Generating Fock state exceeding 10000 excitations with near unit fidelity by adaptive generalized-parity measurement

This paper proposes an adaptive generalized-parity measurement protocol that deterministically converts large coherent or displaced thermal states into macroscopic Fock states with over 10,000 excitations and near-unit fidelity by converting measurement randomness into adaptive updates, thereby avoiding the limitations of probabilistic postselection.

The Gist

Imagine you are trying to find a single, specific grain of sand on a massive beach. Usually, if you just start digging randomly, you might get lucky, but the odds are terrible. If you try to filter the sand by shaking it through a sieve, you might catch the right grain, but you'd have to throw away almost all the other sand you caught along the way. This is how most current methods for creating specific quantum states work: they are like a sieve that only keeps the "lucky" results and throws away the rest.

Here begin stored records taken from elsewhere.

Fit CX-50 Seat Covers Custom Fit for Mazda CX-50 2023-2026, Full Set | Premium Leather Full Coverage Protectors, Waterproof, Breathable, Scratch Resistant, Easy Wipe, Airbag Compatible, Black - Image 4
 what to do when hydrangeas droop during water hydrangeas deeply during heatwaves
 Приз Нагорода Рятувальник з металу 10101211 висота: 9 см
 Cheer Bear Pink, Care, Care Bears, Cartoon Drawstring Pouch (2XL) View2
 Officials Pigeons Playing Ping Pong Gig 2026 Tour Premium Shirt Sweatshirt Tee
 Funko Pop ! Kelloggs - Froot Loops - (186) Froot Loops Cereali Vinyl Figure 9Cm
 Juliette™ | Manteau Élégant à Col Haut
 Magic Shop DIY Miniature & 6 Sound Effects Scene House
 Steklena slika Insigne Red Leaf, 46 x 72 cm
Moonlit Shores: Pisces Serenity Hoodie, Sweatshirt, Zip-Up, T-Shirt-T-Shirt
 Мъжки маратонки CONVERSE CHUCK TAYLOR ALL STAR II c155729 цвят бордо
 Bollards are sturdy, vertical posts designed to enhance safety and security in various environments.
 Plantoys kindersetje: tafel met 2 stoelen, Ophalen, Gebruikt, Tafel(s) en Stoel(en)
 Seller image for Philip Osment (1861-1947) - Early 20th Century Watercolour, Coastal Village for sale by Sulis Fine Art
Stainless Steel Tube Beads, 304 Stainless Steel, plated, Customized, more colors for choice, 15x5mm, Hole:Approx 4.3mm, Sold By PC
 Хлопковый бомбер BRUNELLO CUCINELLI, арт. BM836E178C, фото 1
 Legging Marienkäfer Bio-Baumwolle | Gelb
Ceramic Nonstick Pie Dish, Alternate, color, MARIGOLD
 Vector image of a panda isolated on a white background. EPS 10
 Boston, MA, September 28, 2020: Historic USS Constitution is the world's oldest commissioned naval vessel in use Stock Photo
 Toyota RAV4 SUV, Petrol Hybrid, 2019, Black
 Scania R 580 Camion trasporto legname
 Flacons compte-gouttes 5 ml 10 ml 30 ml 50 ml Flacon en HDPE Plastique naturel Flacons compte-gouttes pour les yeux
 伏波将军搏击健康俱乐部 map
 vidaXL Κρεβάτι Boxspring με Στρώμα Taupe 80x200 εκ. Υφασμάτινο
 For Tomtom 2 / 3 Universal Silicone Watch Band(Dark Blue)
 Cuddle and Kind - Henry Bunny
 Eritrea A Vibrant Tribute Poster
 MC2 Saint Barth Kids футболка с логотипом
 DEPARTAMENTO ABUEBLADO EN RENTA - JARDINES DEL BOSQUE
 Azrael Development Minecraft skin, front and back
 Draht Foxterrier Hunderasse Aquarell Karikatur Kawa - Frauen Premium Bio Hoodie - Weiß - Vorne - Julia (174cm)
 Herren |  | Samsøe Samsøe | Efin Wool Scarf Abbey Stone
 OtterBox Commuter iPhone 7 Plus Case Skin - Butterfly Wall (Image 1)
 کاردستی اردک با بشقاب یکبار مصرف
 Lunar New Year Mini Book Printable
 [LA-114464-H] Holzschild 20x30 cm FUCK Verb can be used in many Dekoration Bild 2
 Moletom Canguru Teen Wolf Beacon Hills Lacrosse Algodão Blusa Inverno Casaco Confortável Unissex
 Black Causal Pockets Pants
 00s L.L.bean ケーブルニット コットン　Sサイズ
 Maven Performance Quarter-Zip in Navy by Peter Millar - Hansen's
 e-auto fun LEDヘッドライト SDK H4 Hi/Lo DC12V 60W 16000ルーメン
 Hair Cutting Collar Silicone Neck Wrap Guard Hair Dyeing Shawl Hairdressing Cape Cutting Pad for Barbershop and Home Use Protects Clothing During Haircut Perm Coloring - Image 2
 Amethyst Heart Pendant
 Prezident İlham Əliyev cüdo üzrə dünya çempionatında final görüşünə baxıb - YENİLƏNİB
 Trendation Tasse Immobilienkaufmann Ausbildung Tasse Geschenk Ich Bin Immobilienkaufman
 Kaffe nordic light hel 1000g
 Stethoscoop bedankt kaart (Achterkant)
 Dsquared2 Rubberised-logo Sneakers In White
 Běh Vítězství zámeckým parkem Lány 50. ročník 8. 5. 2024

This paper proposes a smarter, more efficient way to find that specific grain of sand (a "Fock state" with over 10,000 grains of energy) without throwing anything away.

The Problem: The "Lucky Sieve"

In the quantum world, scientists want to create "macroscopic Fock states." Think of these as containers holding a very precise, huge number of energy packets (photons), like exactly 10,000.

• Old Method: Scientists use a process called "post-selection." Imagine you have a machine that tries to sort sand. It only keeps the sand if it comes out in a very specific order. If the machine makes a mistake, you have to start over. As the number of grains you want increases, the chance of getting the right order by luck drops to almost zero. It's like trying to guess a 10,000-digit password by random guessing; you will never succeed.

The Solution: The "Adaptive GPS"

The authors, Chen-yi Zhang and Jun Jing, propose a new method called Adaptive Generalized-Parity Measurement.

Here is the analogy:
Imagine you are navigating a maze to find a specific room.

• The Old Way: You walk down a path. If you hit a dead end, you go back to the start and try a different path. Most paths are dead ends, so you waste a lot of time.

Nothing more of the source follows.